Natalie Ball: Dwaa neepga [what’s happening?], my name is Natalie Ball. My work always calls back to narrative, and my work always calls back to community, to ancestors, to right now, and identity.

To claim my Blackness doesn't disqualify me or water down how Indian I am even though it does when you're thinking about blood quantum and blood politics that are used to self determine who we are as a tribe or a nation or as a people. So I'm using that, “we smell like the outside,” of colloquialism to push back against this really static idea of Indian. 

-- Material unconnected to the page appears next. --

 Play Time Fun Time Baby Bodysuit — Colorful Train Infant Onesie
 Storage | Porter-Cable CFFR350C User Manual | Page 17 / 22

My idea for materials in my studio was always to deconstruct it, to make new meaning from it. To choose materials that are charged with meaning, to choose materials  that are strong markers for Indian. That say Indian really loud. What's more Indian than a ribbon skirt? What's more Indian than a star quilt? That's where the work really starts at. And the narrative informs the materials. 

Narrator: One work where Ball literally stitches historical narratives into carefully chosen materials is the plywood-mounted work with a paper quilt, which is on the north gallery wall, to the right after you enter. 

Natalie Ball: I've been sitting on these Modoc War newspapers or these newspapers that cover the Modoc War from 1872 to 1873. I've been sitting on those for a while. I am Modoc and those materials, I just never knew what to do with them and now I do. I've been collecting quotes from my auntie, top quilts from my auntie, she's passed now. This is the last one that I have of hers. And I just feel like you can't think about quilting without thinking about Black history in America.

Narrator: Like the quilts, the hanging works collage different objects together to complicate their meanings. Ball describes the animal hides in particular as continuations of the idea brought forth by the exhibition’s title, which in maqlaqsyals—the Klamath peoples’ language—is “bilwi naats Ga’niipci.”

Natalie Ball: So I started this work last year thinking through the animals that come from the outside that come home into the inside of my home. 

The community home here where I'm from, in Chiloquin, Oregon. It's a Native American community. It's my tribal community. So when your deer elk is hunted, it comes home gutted, it hangs and it cures a while and it's hung from its hind legs onto a pole that extends from a rope to the ceiling or some sort of bar usually in your garage where it cures for a few amount of days and it's covered with fabric and it hangs there.

I think this idea of Pan-Indianism, I think this idea of my Blackness being a way to disqualify me from belonging in these spaces, and to exist in this space of being othered in the Indian community is where the beauty of the work lies. I think the really fun part about this and the really beautiful thing about being who I am is knowing that belonging looks really different in both communities. I can honestly say that I'm free in this space to make this kind of work, that's critical. So when I'm thinking through this idea of belonging through the work, it allows me to be free with my materials as well. 

Usually you don't rip up your auntie's blanket who's passed. You don't rip up a baby blanket that was given to your son, through community. But I do because I just feel like everything's sacred in here and nothing is sacred in here. Everything can be deconstructed here to make meaning that I feel is really important because it holds a certain kind of space that needs to be held not only for me and my babies, but also for those that are coming, that hold the same kind of space that I do.